Doğal Dil İşleme Serisi 4: Makine Çevirisi (Giriş Seviyesi)

Yusuf ANI
novaresearchlab
Published in
6 min readSep 28, 2020

Merhabalar, yazı serimizde Deep Learning AI ekibinin “ Natural Language Processing with Classification and Vector Spaces” adlı NLP kursunun geniş özetini bulacaksınız. 4 haftadan oluşan bu kursun ana başlıkları şu şekilde:

1- Sentiment Analysis with Logistic Regression — Lojistik Regresyon ile Duygu Analizi

2- Sentiment Analysis with Naïve Bayes — Naïve Bayes ile Duygu Analizi

3- Vector Space Models — Vektör Uzayı Modelleri

4- Machine Translation — Makine Çevirisi (Giriş Seviyesi)

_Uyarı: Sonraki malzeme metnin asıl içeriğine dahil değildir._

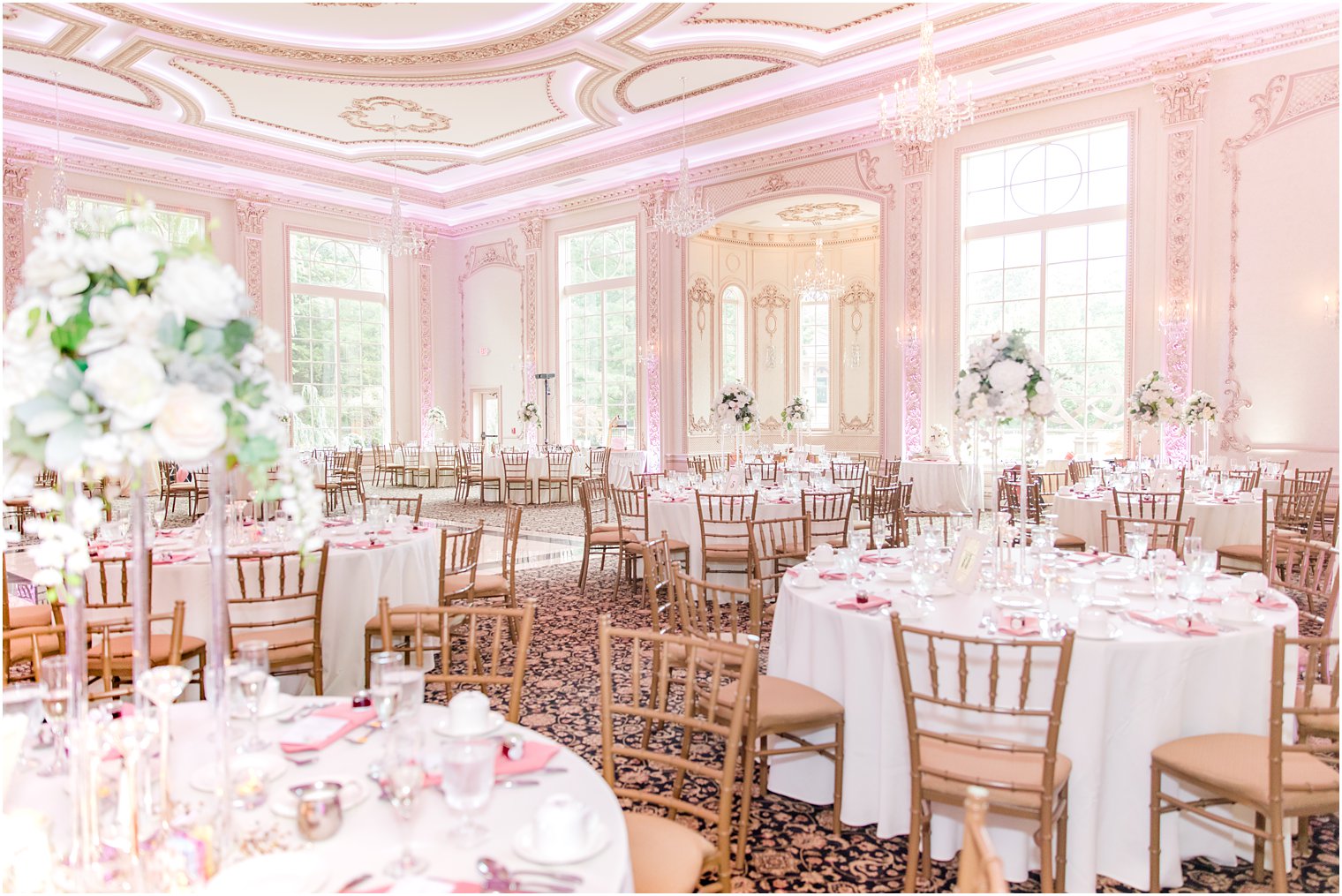 wedding reception with gold chivari chairs and pink uplighting at Brigalia's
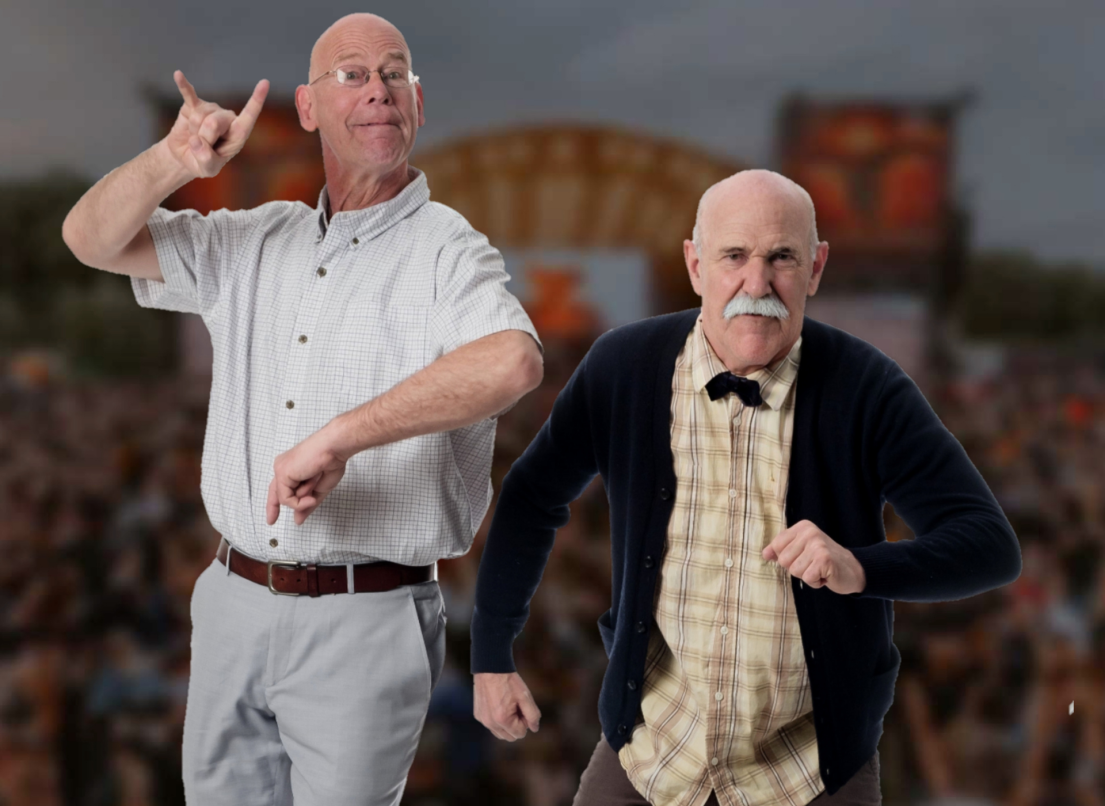 Two senior men pose in front of a concert backdrop, one of them making the "rock on" symbol with his right hand.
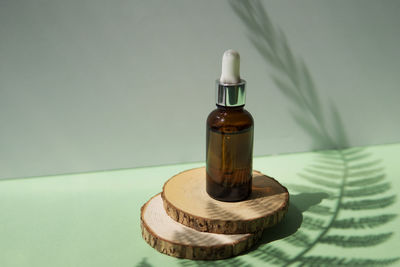 Cosmetic bottle with facial serum on a wooden podium. the concept of zero waste and ecology. 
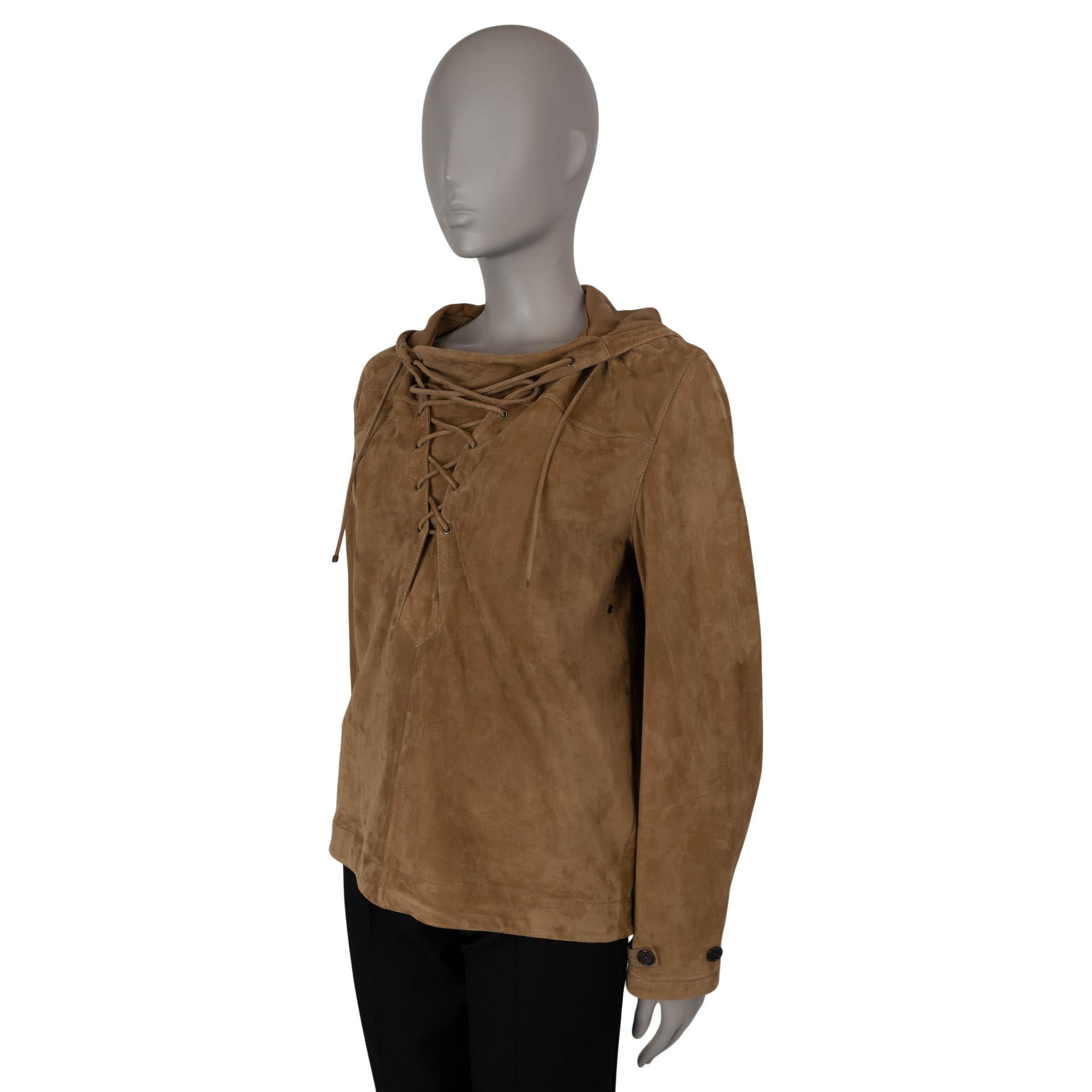 This 100% authentic Saint Laurent slip-on jacket in tobacco brown lambskin suede exudes effortless style. It features a lace-up front, a drawstring hem with tonal cotton cords, a hood, and buttoned cuffs for a laid-back yet sophisticated look.
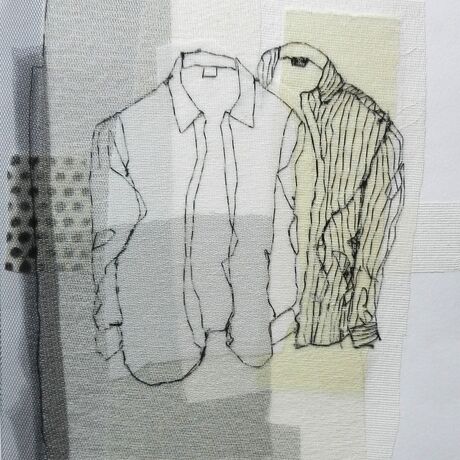 A white shirt and a striped shirt depicted in black thread with grey background on the left.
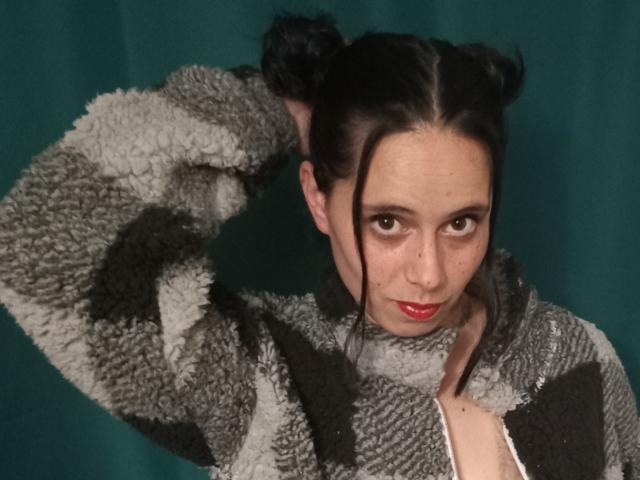 Nanastazia with dark hair in double buns, wearing a gray and black fuzzy jacket, hand in hair, red lipstick, green background, looking directly at camera.
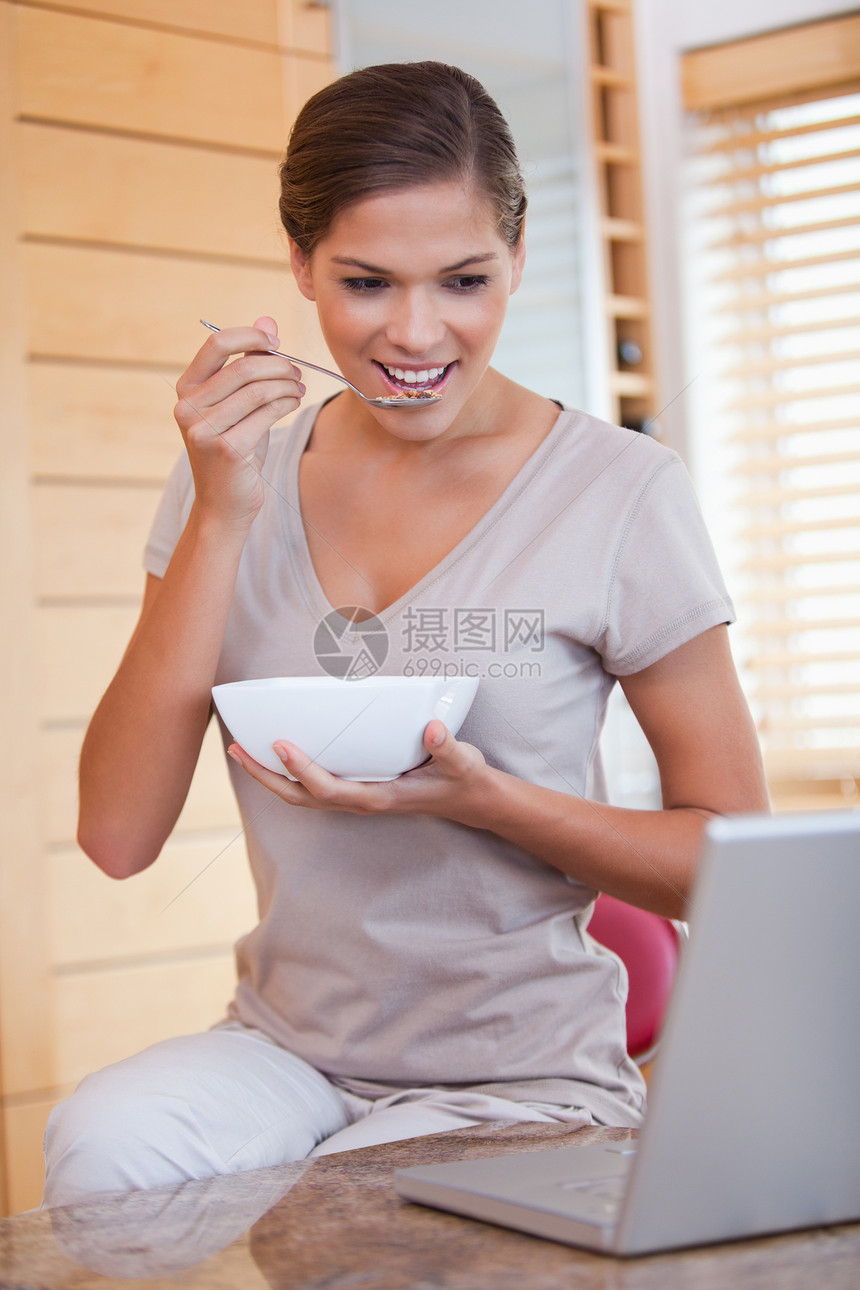 女人在笔记本电脑旁边吃谷物图片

Bu yazıda kursun dördüncü bölümü olan Machine Translation konusunu özetledik. Yazımızın sonunda Github kodumuzu bulabileceksiniz. Ayrıca diğer yazılara profillerimizden ulaşabilirsiniz. Keyifli okumalar :)

Günümüzde makine çevirisini kullanmayanımız yoktur herhalde. Google Translate, Yandex Translate gibi başarılı uygulamaların arkasındaki derin yapının temellerini inceleyelim.

Makine Çevirisi Nedir? Temel Düzeyde Nasıl İşler?

Şekil-1

Makine çevirisi kısaca bir dildeki kelimeleri diğer dile anlamlı olarak çevirme işlemidir. Örnek olarak “cat” kelimesinin Fransızca karşılığı olan “chat” kelimesine çevrilmesi verilebilir.

Önceki yazılarımızda işlediğimiz gibi elimizde iki dilin ayrı ayrı word embeddings (Kelime Temsilleri) var. Her bir kelimenin diğer kelimelerle olan bağlantılarını içeren vektörler elimizde ise süreç ise şöyle işliyor:

  • Kaynak kelimenin vektörünü bul.
  • Bir matris ile çarpıp hedef dildeki vektörü bul.
  • Elde ettiğin vektörün hedef dildeki en yakın komşusunu bularak tahmini yap.
Şekil-2 Adımların Matematiksel Gösterimi X: Kaynak Vektör ( 1 * n ) R: Matris ( n*m ) Y: Tahmin Edilmiş Vektör. (1*m) n: Kaynak Dildeki Kelime Temsili Büyüklüğü m: Hedef Dildeki kelime temsili büyüklüğü

Peki bu R matrisini nasıl elde edeceğiz? Nasıl Eğiteceğiz?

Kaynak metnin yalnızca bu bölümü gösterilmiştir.